Throughout Blackgrass, as is the case with most of Dogg’s albums, the risqué mixes with the poignant. It’s a refreshing reminder that we all contain multitudes, that comedy and tragedy do often share the same bed. One moment he’s encouraging listeners to become an “Ugly Man’s Wife” to have a happy life, and the next he has “Songs to Sing” about a “nation the world no longer trusts,” about the “riots you see on TV / and how after 500 years, people are still not free.”
There’s also traditional country, something Dogg has loved and employed over his whole career, dating at least back to the hit he penned for Johnny Paycheck, later covered by Tracy Byrd, “Don’t Take Her, She’s All I Got,” which Dogg himself revisited on Sorry You Couldn’t Make It. On Blackgrass, he offers up “Curtains on the Window,” which follows the talking-to-inanimate-objects premise famously employed by Willie Nelson on “Hello Walls.” Each piece of furniture mourns in its own way the narrator’s lover leaving. Even the “curtains on the window waved goodbye.”
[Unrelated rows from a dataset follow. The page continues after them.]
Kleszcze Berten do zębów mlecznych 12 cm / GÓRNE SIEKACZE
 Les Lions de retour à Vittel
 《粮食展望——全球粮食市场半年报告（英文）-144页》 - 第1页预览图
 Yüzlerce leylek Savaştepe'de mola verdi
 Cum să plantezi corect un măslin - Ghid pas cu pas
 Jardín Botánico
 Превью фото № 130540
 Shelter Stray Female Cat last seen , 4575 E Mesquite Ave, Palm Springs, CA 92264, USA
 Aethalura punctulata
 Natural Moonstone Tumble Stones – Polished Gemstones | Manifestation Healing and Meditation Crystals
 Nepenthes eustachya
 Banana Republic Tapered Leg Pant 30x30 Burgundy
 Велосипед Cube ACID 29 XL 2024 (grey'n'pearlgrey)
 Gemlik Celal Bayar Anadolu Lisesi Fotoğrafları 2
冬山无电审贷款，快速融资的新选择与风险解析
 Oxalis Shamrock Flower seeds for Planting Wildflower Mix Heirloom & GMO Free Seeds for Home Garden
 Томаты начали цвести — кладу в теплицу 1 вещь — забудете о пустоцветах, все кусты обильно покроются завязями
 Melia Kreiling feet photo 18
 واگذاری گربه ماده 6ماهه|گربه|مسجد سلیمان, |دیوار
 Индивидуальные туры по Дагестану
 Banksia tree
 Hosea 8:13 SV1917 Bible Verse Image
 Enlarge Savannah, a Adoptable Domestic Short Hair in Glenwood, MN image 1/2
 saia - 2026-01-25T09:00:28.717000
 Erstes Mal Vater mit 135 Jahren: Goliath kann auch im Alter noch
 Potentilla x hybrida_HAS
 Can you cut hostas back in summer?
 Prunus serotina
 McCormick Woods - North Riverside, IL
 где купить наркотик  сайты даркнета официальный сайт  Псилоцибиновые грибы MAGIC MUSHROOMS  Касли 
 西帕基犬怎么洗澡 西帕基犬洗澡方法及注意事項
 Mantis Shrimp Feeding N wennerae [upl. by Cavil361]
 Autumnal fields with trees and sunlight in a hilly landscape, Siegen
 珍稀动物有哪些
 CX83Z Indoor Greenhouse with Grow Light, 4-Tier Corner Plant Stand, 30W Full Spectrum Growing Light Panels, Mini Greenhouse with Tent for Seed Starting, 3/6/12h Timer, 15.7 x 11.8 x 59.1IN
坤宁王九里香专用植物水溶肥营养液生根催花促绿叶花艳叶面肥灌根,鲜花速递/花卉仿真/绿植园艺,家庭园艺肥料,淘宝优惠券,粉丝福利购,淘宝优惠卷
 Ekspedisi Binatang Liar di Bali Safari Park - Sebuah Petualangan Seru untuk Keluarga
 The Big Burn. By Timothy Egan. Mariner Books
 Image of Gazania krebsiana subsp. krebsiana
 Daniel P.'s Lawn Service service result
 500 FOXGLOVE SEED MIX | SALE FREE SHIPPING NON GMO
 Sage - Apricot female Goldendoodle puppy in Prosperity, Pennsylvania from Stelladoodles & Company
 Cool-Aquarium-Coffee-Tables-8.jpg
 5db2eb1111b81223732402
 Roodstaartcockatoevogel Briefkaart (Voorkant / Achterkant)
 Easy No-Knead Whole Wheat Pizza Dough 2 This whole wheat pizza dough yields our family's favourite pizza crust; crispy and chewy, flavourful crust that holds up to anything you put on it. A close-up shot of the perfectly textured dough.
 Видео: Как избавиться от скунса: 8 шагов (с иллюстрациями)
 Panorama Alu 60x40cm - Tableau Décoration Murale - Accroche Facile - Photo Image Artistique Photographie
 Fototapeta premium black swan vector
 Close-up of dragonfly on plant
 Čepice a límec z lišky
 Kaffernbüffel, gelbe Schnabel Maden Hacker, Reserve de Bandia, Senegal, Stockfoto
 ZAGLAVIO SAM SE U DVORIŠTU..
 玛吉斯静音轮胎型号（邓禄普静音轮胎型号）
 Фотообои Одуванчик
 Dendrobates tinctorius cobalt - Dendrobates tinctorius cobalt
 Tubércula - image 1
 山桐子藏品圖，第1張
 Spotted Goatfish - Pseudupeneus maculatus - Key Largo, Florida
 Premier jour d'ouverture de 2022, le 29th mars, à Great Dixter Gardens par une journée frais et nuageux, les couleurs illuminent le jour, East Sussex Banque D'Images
Thankfully, Dogg hasn’t abandoned his weird-ass psychedelic side for this project. He inserts odd effects in random places, almost to see if you’re paying attention. It’s the over-the-top echo in parts of “Have a Good Time” (a song made famous by Tony Bennett in 1952) and the space-age lasers at the end of “Your Best Friend” (a 1969 release by The Drifters) that keep you on your toes. Then there’s the out-of-nowhere shred-fest provided by none other than Living Colour ax-man Vernon Reid that infiltrates the otherwise traditional speedgrass treatment of “Rise Up” (originally recorded by The Commodores in 1971). Both “Your Best Friend” and “Rise Up” are Dogg originals revived in Blackgrass style for this set.
Another original, “To the Other Woman” (co-written with Gary “U.S.” Bonds), features a moving performance from Margo Price, who wrings country out of the pleading soul of the lyrics. In addition to Price and Reid, Dogg also enlists Jenny Lewis to duet on a vivacious version of Inez and Charles Foxx’s “Count the Days.”
After the bawdy humor, the hopes and dreams for better times, brief bouts of nostalgia, and the cheatin’, cryin’, and lyin’, Blackgrass closes with the sound of an electric chair frying its unrepentant narrator. In his final moments, despite his lack of remorse for the horrible choices he’s made, the murderer turns philosophical. “My father used to teach me, ‘Boy, us and Blacks ain’t alike’ / Now I’m sittin’ here in this chair, all wired up / wearing stripes, black and white.”
OK, fine. I suppose that’s worth a chin scratch or two.
Swamp Dogg’s Blackgrass: From West Virginia to 125th St. is out May 31 on Oh Boy Records.